Dynamic RV shape or choosing from it

Hello, i need a help with modeling some simple stuff:
A have small and simple generative model, which create users with some dialogs (0-3), each dialog took some time from exponential dist.
A can’t figure out how create this dynamic shape (0-3), so for example i have 1000 users and each can create 0-3 dialogs… so i have dynamic dataset size.

import numpy as np
import numpy.random as rnd
import pandas as pd

rnd.seed(42)

users_count = 1_000
users_rct_prob = np.array([.1, .9])  # control and test group
dialog_prob = np.array([.4, .4, .15, .05])  # prob to write 0-3 dialogs, zero = not wrote
dialog_auto = np.array([.33, .33, .34])  # probs factor [automatize dialog, reduce duration, do nothing]
dialog_auto_mult = np.array([0, .33, 1])  # factor for dialog duration
dialog_duration_mean = 4  # param for duration


def generate_data():
    dialogs_users_rct = rnd.choice(np.arange(len(users_rct_prob)), p=users_rct_prob, size=users_count)
    dialogs_users_count = rnd.choice(np.arange(len(dialog_prob)), p=dialog_prob, size=users_count)

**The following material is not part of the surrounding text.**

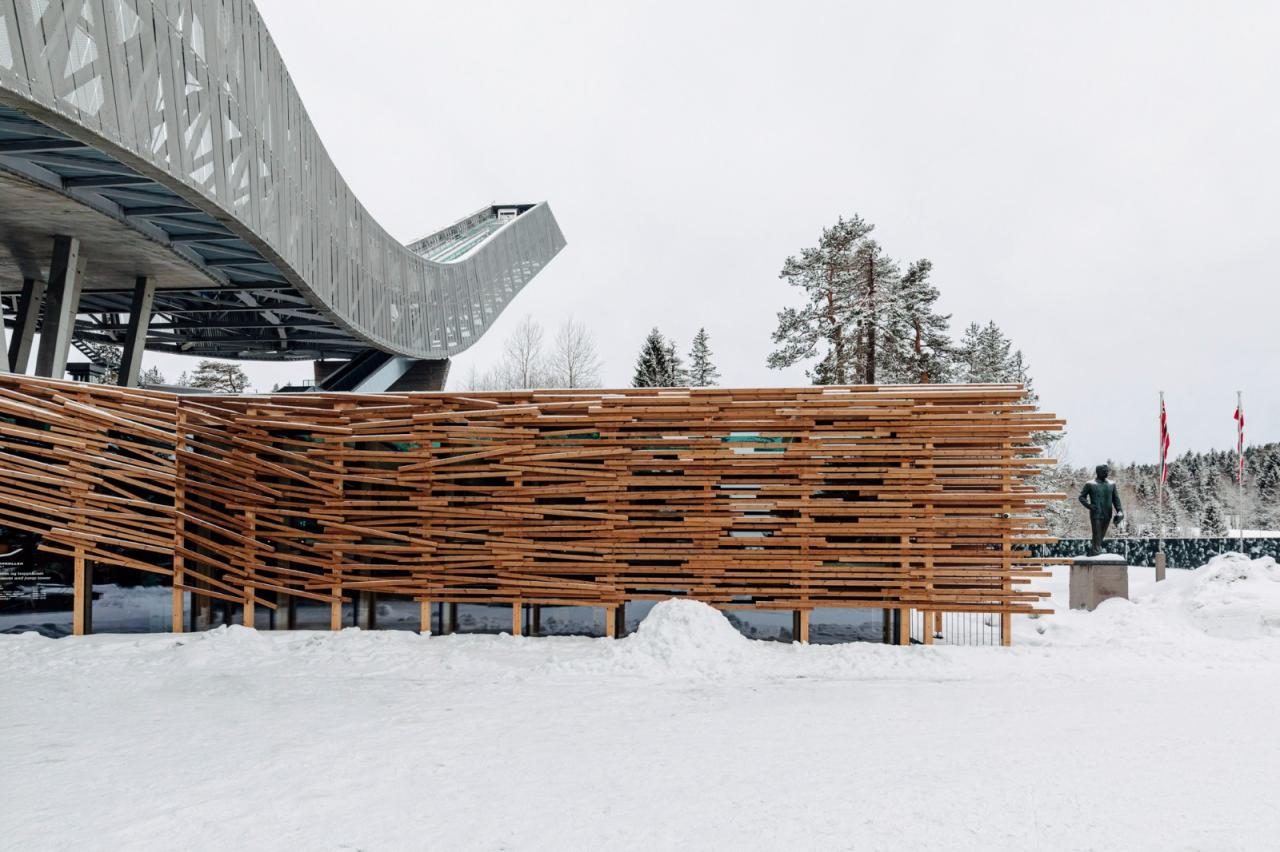BIM建筑|挪威滑雪博物馆 / Snøhetta BIM建筑|挪威滑雪博物馆 / Snøhetta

    dialogs_rct = np.repeat(dialogs_users_rct, dialogs_users_count)
    dialogs_count = np.repeat(dialogs_users_count, dialogs_users_count)
    dialogs_user_id = np.repeat(np.arange(users_count), dialogs_users_count)

    dialogs_auto = rnd.choice(dialog_auto_mult, p=dialog_auto, size=sum(dialogs_users_count))
    dialog_duration = rnd.exponential(scale=dialog_duration_mean, size=sum(dialogs_users_count))

    dialog_duration_observed = dialog_duration - dialog_duration * dialogs_auto * dialogs_rct

    df = pd.DataFrame({
        'user': dialogs_user_id,
        'duration_true': dialog_duration,
        'duration_obs': dialog_duration_observed,
        'auto': dialogs_auto,
        'group': dialogs_rct,
        'count': dialogs_count,
    })
    return df

Here i used choice, but in real example it could be poisson rv.
I finking about create expotential rv with shape (1000, 4) and choose from it only that i need, but i don’t know how to do it.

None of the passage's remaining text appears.